Cravaack has criticized the Obama administration for proposing to halve funding for the $25 million Federal Flight Deck Officers program, which trains commercial pilots to carry guns in the cockpit. Cravaack inserted a $10 million funding increase into the House-passed Homeland Security appropriations bill (offset by funding cuts to a pair of TSA accounts) which the Obama administration and congressional Democrats oppose.
When Napolitano testified before the House Homeland Security Committee on Wednesday, Cravaack charged that the Obama administration was looking to end the program by cutting it’s funding.
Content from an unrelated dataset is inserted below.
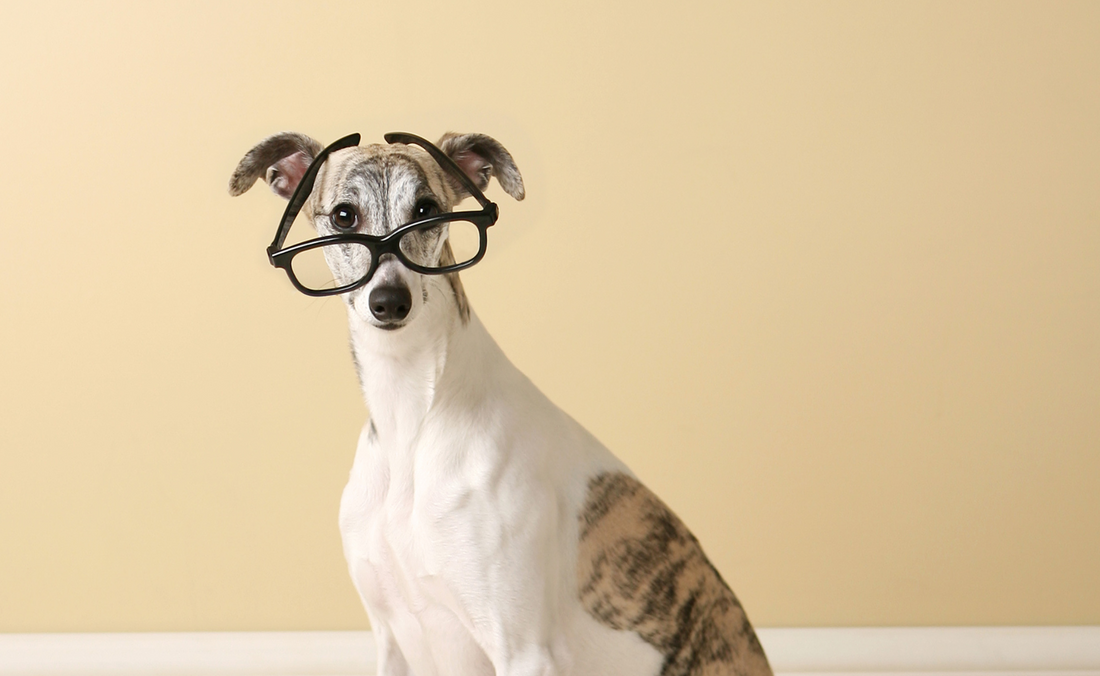 De wetenschap achter plantaardige voeding voor honden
Obama has supported a risk-based approach to airline security, in which threats are identified and dealt with before boarding an aircraft.
“I see the FFDO program as being absolutely vital, with 1.5 million sorties being flown annually, at the cost to the American taxpayer for $15 a flight,” Cravaack said to Napolitano during a hearing of the House Homeland Security Committee Wednesday.
“As a pilot that flew for 17 years, as a former federal flight deck officer, I can assure you, ma’am, that the federal flight deck officer is not only the last line of defense, but a chief deterrent for those that wish to use an aircraft as a human-guided missile,” Cravaack continued.
Napolitano defended the Obama administration’s budget request for the FFDO program, which allows members of flight crews who have been approved by the Transportation Security Administration to be armed with guns during flights.
“As you all know, we’re working under severe budget constraints,” she said to Cravaack. “The FFDO program, as compared to the air marshal program, is not a risk-based program. So that’s why that decision was made.”
Cravaack asked Napolitano is the Obama administration would continue the program, in full, if Congress appropriated the FFDO program at the level he supports.
“If there is funding, we will carry out the program, yes sir,” Napolitano said.
Cravaack and Napolitano fought over the FFDO program in March when she testified before the committee. She told Cravaack then, “The program is not risk-based. You will have a FFDO whether [a threat] is on the flight or not. … We have not predicted its demise, we just think we could do it for less.”
The Senate has not taken up the Homeland Security funding bill (since it hasn’t taken up any appropriations bills yet) and the Obama administration has threatened to veto it should it get that far.